The coming "blow back" hyper-rapid transfer of wealth is not
something that necessarily requires moral judgements of good and evil. It is
simply a fact of life today. Pick which side you want to be on in THIS
particular transfer of wealth. By selling your debt-financed paper savings
and buying physical gold today you are making the conscious CHOICE to join
the camp of the true Savers.
Many people that consider themselves "savers" are precariously
positioned right now. These people need to take active measures to get on the
receiving end of this transfer of wealth to survive. Many, many, many average
citizens amazingly still have this option, yet they don't even realize it. They
need to get up and move over into the same camp as the Rothschilds and the
Russian Oligarchs, and prepare to own the future. It's not a matter of good
versus evil at this point, it is a matter of survival!

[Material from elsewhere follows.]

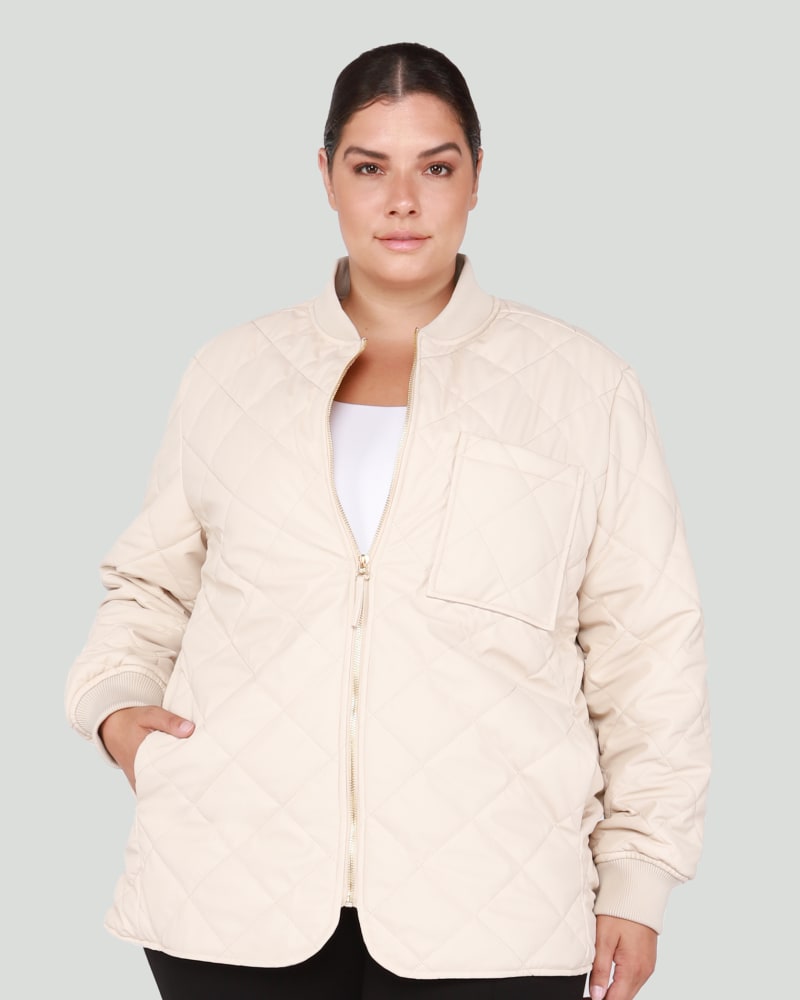 Front of a model wearing a size 1X Olivia Quilted Bomber Jacket in Light Putty by DEX PLUS. | dia_product_style_image_id:260589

The soft money crowd has had a really, really long run in the sun this time. There's
no need to feel bad for them. And all the last-ditch central control efforts
we see today are simply the culmination of that run. But their influential
position is completely dependent on the power afforded by the soft money debt
machine that is now crumbling. Their "power generator" is out of
gas. And it's not the kind of gas you can legislate or print.
But don't take my word for it. And certainly don't take financial advice from
me! For that matter, don't take financial advice from ANYONE. Think it
through yourself, quietly. Use your own head. This is the only path to peace
of mind. You and only you will lose your wealth if you take the wrong advice.
And this time, it doesn't take an MBA and a JD to understand the choices.
It is easy to watch the dollar losing its reserve privilege today. And it is
also easy to see who will come out ahead when it happens. All else is noise.
Choose your camp wisely.
Sincerely,
FOFOA
Imagine there's no Heaven
It's easy if you try
No hell below us
Above us only sky
Imagine all the people
Living for today
Imagine there's no countries
It isn't hard to do
Nothing to kill or die for
And no religion too
Imagine all the people
Living life in peace
You may say that I'm a dreamer
But I'm not the only one
I hope someday you'll join us
And the world will be as one
(Imagine no possessions
I wonder if you can
No need for greed or hunger
A brotherhood of man) [1]
Imagine all the people
Sharing all the world
You may say that I'm a dreamer
But I'm not the only one
I hope someday you'll join us
And the world will live as one
[1] Why didn't Elton sing these lyrics?